Gilbert, who’s been Athletics Canada’s head coach since 2017, said that confidence and belief are other essential tools for underdogs to rise to the top.

“When I started, we were lucky to win one medal (across all athletics events). I see a shift in the athletes and a shift in the coaching to inspire the athletes to go after more,” he highlighted. “At times, I struggled to build the relay team to get more medals and to get the athletes to feel at the same level that we can compete with the USA and Jamaica. To get that mentality has taken a while. We are all in lock step now with our system.”

Jacqueline Madogo looks to carry momentum forth for relays

Jacqueline Madogo. Photo: Claus Andersen / Athletics Canada

Ottawa’s Jacqueline Madogo is expected to be part of the Canadian women’s 4×100 m relay entry, along with Gatineau’s Audrey Leduc. The 24-year-old Olympic rookie is coming off two big personal-bests from the 200 m competition.

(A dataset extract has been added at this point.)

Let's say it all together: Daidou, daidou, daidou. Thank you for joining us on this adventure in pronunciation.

“It’s clicking at the right time, which I’m happy about,” Madogo said via the Canadian Olympic Committee after her semifinal race. “The season has been going great, so this is just continuing to build and progressing.”

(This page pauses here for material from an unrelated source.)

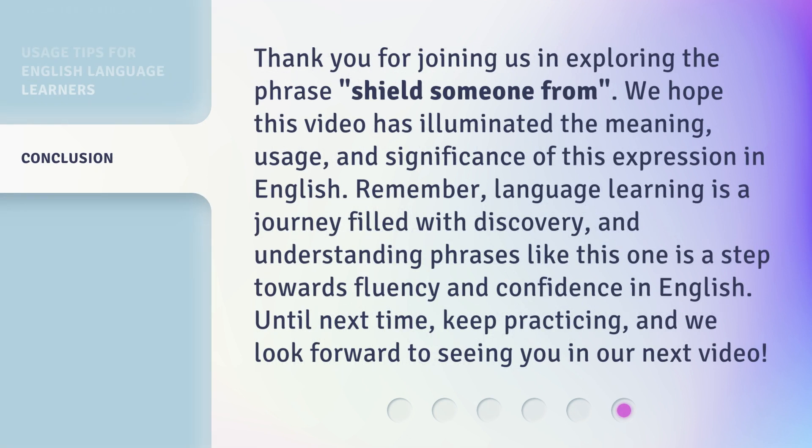Thank you for joining us in exploring the phrase 'shield someone from.' We hope this video has illuminated the meaning, usage, and significance of this expression in English. Remember, language learning is a journey filled with discovery, and understanding phrases like this one is a step towards fluency and confidence in English. Until next time, keep practicing, and we look forward to seeing you in our next video.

Also in action on Thursday will be Toshka Besharah-Hrebacka and Natalie Davison. The Rideau Canoe Club kayakers made their Olympic debuts together in the same boat on Tuesday for the Canadian women’s kayak four team, while Davison paddled again in the double competition.

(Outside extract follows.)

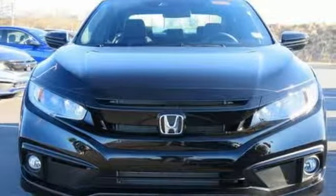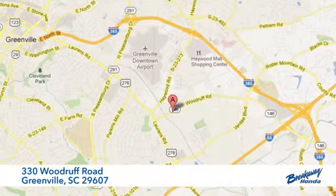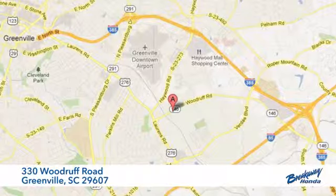See what it can do for you when you take it for a test drive. Call, click, or stop in today. We're conveniently located at 330 Woodruff Road in Greenville, South Carolina.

The semi-finals and finals for the K-4 event are both tomorrow. Canada will need to be among the top-4 in their four-boat semi to reach the A final.

And though water polo goalkeeper Jessica Gaudreault has been eliminated from medal contention, she and the Canadian women’s team still have a chance to match Canada’s best-ever Olympic result in the sport.

After falling in the quarterfinals to a very strong Spain team, Canada faces Italy tomorrow in the 5-8 classification semifinal. The program’s previous best finish was fifth at the Sydney 2000 Games when another former Ottawa resident, Rachel Riddell, was in goal for Canada.